Женщинам меня, скорее всего, не понять, а вот мужчины наверняка разделят завистливое восхищение героем моего следующего рассказа.
Я о Давиде Самойловиче Самойлове.
Он всегда был отнюдь не прочь выпить, а по вечерам – особенно под хороший разговор – мог принять на грудь вполне изрядно. И пьянел, конечно.
Зато с утра был свеж, как поцелуй ребенка. Умылся, кофейку попил – и за работу. В чем я с несомненной явностью убедился, когда в середине 1980-х приехал в Пярну – отчасти по журналистской надобности, а отчасти и как гость. Так что ночевал я в гостинице, а завтракал, обедал и ужинал, когда застолье приобретало особенно масштабные очертания, у Самойловых дома.
Галина Ивановна, как всякая хорошая жена, с нашим пьянством, конечно, боролась. Но что простодушные женские жалобы и пени супротив мужского упрямства и мужских же хитростей!
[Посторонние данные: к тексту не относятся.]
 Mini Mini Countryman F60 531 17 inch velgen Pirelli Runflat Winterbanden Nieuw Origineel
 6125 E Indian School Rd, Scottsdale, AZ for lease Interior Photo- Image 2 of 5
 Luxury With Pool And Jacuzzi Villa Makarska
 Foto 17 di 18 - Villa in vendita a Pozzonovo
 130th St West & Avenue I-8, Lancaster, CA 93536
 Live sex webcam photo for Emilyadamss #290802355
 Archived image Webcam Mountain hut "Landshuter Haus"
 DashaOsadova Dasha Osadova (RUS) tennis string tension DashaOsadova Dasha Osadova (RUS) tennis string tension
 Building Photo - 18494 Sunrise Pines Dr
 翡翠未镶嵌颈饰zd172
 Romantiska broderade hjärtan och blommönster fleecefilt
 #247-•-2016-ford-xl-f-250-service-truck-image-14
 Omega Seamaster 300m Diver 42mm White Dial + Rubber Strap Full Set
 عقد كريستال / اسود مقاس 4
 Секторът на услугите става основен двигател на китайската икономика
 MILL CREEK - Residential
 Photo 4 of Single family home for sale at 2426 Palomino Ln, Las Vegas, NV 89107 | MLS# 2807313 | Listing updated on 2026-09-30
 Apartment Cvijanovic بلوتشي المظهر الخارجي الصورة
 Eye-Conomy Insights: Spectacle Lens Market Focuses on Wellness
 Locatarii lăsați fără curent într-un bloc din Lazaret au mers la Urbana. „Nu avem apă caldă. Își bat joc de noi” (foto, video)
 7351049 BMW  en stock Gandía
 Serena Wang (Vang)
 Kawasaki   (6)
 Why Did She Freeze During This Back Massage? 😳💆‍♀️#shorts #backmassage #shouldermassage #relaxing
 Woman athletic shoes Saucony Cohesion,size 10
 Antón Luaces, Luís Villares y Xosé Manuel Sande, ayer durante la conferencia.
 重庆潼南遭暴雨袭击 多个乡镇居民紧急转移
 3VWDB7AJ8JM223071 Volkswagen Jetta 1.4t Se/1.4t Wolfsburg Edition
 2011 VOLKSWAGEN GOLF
Подробности пусть уж так останутся в моей памяти, достаточно сказать, что в гостиницу возвращался я, тогда тридцатипятилетний, буквально на автопилоте, а утром едва мог глаза продрать. Какие уж тут думы о судьбах русской поэзии, но и журналистская надобность, и гостеприимство Галины Ивановны неотвратимо влекли меня в дом поэта.
Вхожу в одно из таких утр. Давид Самойлович, как обычно, уже за письменным столом, разбирает почту, что-то быстро просматривает и, подняв мне навстречу голову, спрашивает: «Помните, мы с вами вчера говорили об Иване Жданове?»[321]. Как не помнить, если едва не полвечера ушло на обсуждение того, что вскоре станут называть метаметафоризмом, и я, в ту пору любитель всего необыкновенного, стихами Жданова пламенно восхищался, а Давид Самойлович, как забыть, отнесся к ним хоть и приязненно, но скептически. «Ну так вот, – продолжает хозяин дома, – я только что получил от Жданова письмо. И с ним три его стихотворения. Хотите, прочту?»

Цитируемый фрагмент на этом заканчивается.